Bristol gambler grew cannabis to pay off debt
A gambling addict who turned cannabis farmer to pay off a £30,000 debt has been given a suspended jail term.
Kristopher Wearen used £6,000 of his winnings to set up the sophisticated growing operation at his rented home in Beverley Road, Horfield.
Police discovered a total of 60 cannabis plants in two rooms, being grown by specialist equipment, with the electricity meter bypassed.
Wearen, 22, pleaded guilty to production of cannabis as well as unlawful abstraction of electricity.
Brian Pixton, prosecuting, said the dining room and back bedroom each contained 30 cannabis plants some as high as five feet. The electricity meter had also been bypassed, Mr Pixton said.

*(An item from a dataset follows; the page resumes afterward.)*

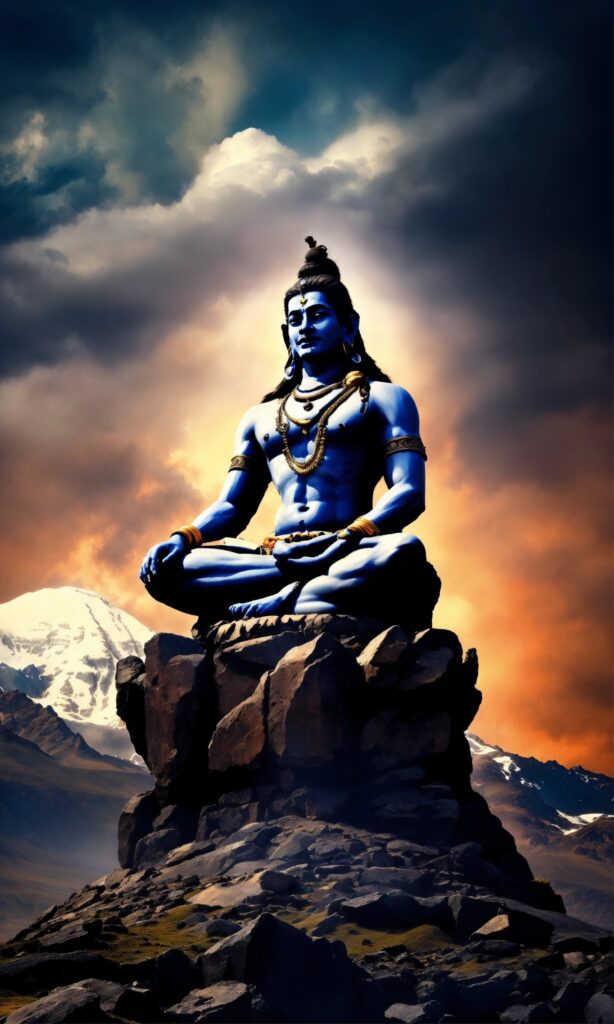 Mahashivratri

He said scientists had estimated that if the crops had fully matured the entire yield of usable "flowering top" cannabis would weigh 3.86 kg – and he put the value of material found at just over £34,000.
Mr Pixton said Wearen gave himself up and told police he had set up the cannabis factory to clear a £30,000 debt.
At first he denied having anything to do with the bypass of the electricity meter.
Rupert Lowe, defending, disputed the true value of the cannabis and said it could be as little as £20,000, dependant on the crop's success.
He told the court his client had been a ground worker on construction sites since leaving school, but work dried up with the downturn of the house building industry.
He said: "His principle error was developing a gambling habit. It started slowly and grew and the result was spiralling debt on credit cards.
"He thought he would win money back, and having won an amount which allowed him to set up the system, he thought he would try that. It was illegal, beyond him, he had not identified someone to sell it to, he had not smoked any and he had become extremely scared the smell might reveal what he was doing."
The court heard Wearen had been to Gamblers Anonymous and stopped gambling. He felt he had learned his lesson both in terms of that habit and cannabis cultivation.
Handing him a 10-month prison sentence, suspended for two years, the recorder Mr Ian Pringle QC told him: "In summer last year, to try to rid yourself of your gambling debts, you set up at a cost of £6,000 a cannabis production machine.
"You were going to gain £10,000 to £30,000. Your first crop failed, your second crop was a success and your third crop was on the way. This is so serious it does cross the custody threshold."
Wearen was also directed to carry out 150 hours' unpaid work.